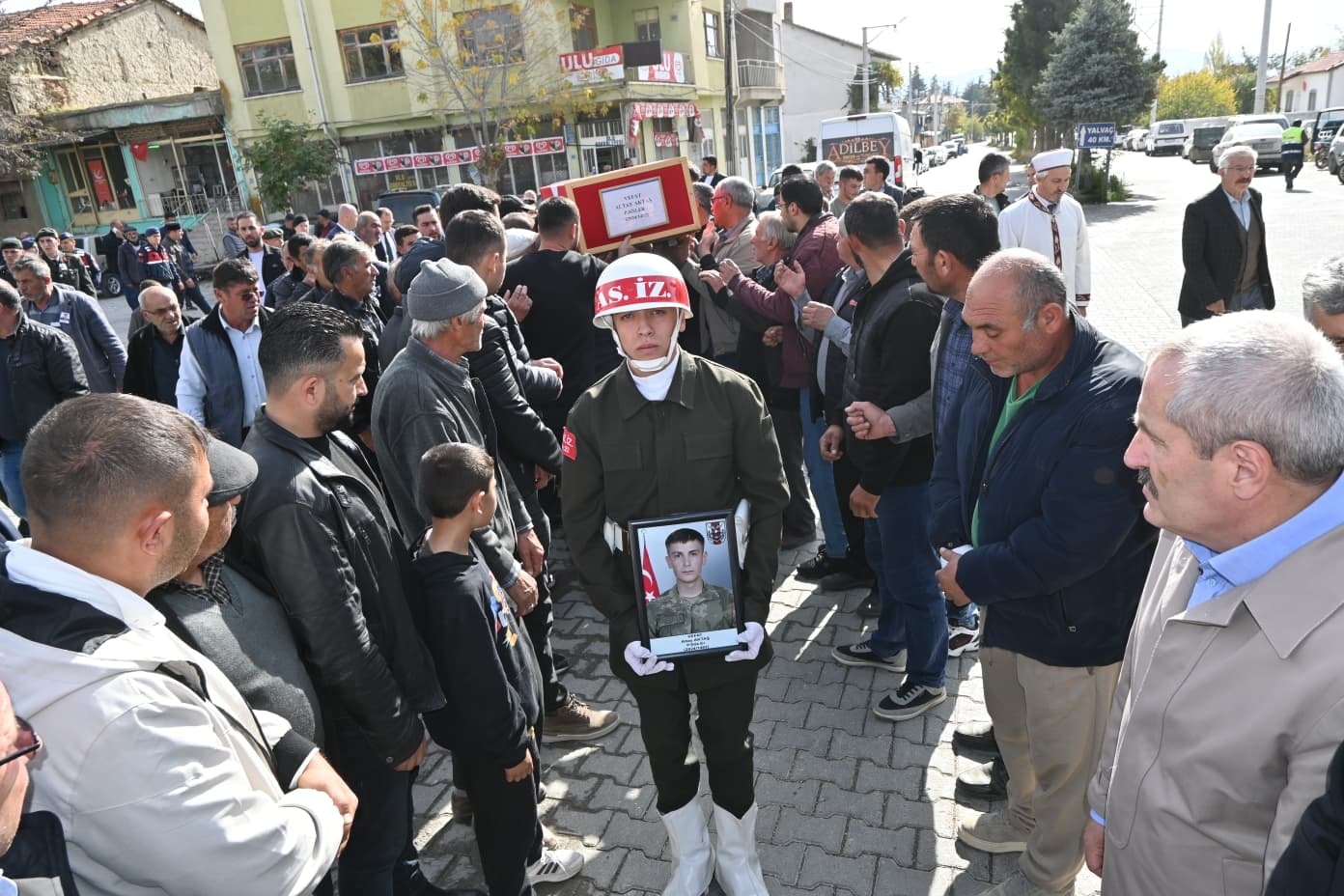 576266360 1148185760765576 1675270894015738956 N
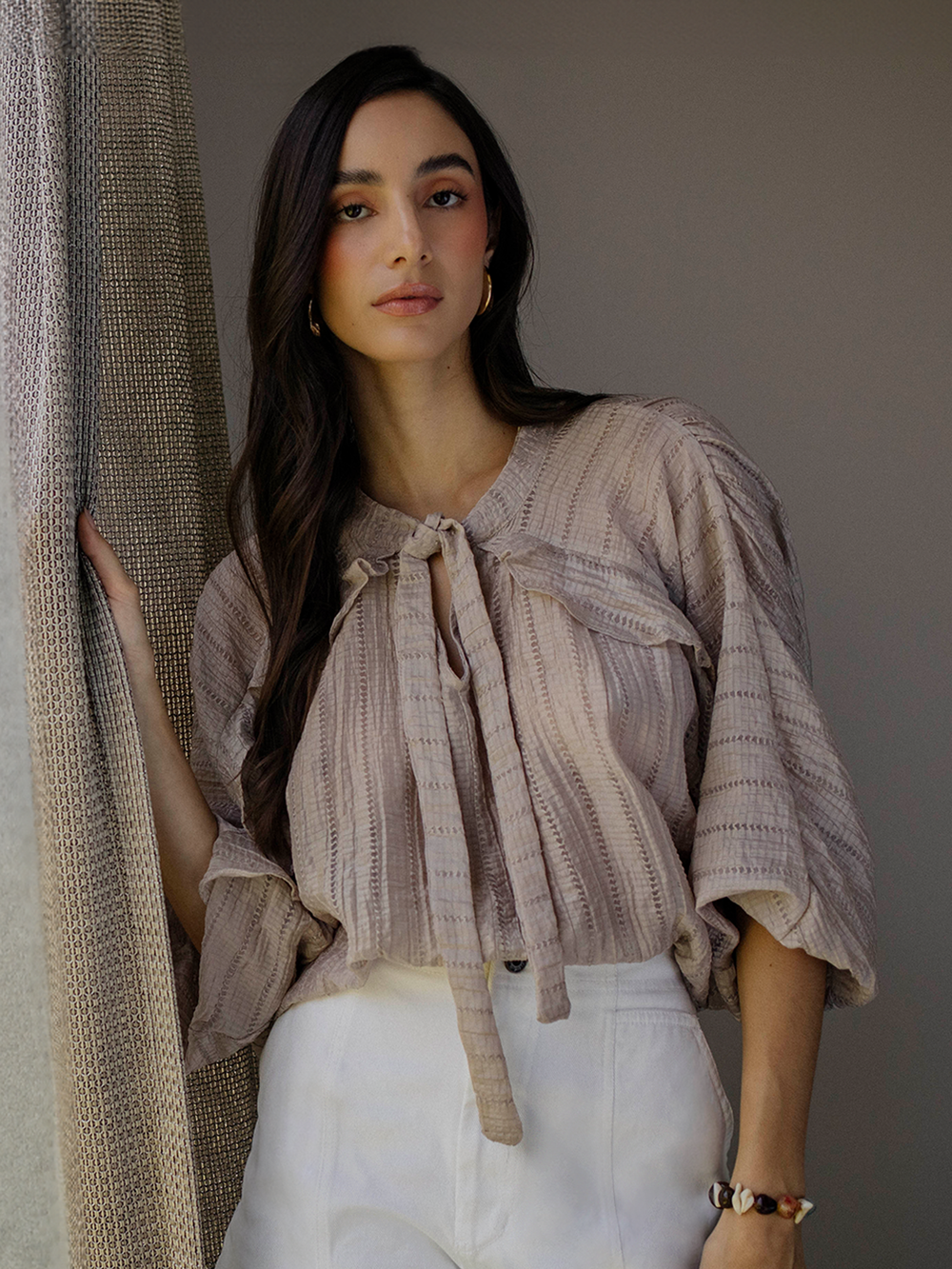 blusa elegante para dama en organza texturizada con mangas detalladas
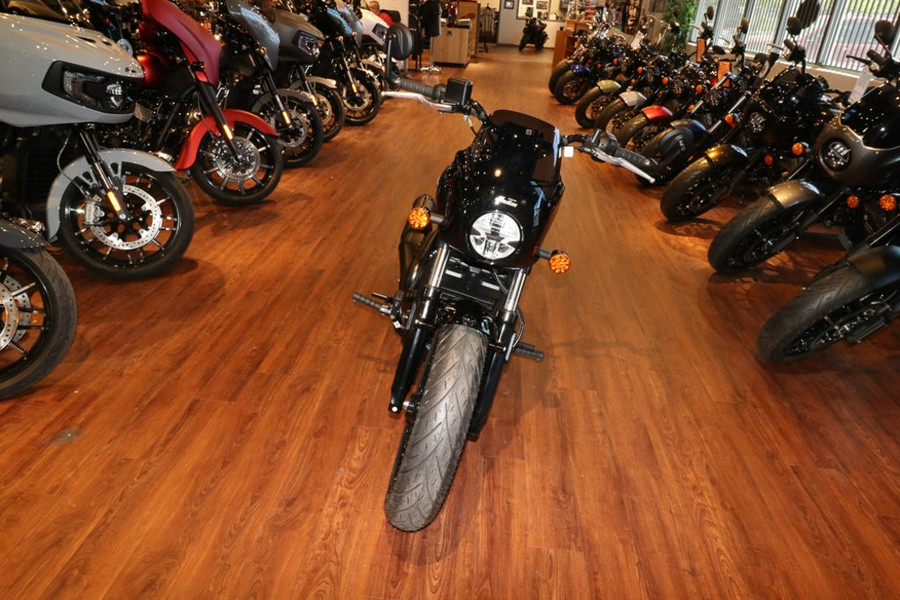 2025 Indian Motorcycle® Sport Scout® Limited Black Metallic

_ _ _ _ _ _ _

Exercise objective: Text only, please: give the listing again word for word with no images.

Response to the task:
 576266360 1148185760765576 1675270894015738956 N
 blusa elegante para dama en organza texturizada con mangas detalladas
 2025 Indian Motorcycle® Sport Scout® Limited Black Metallic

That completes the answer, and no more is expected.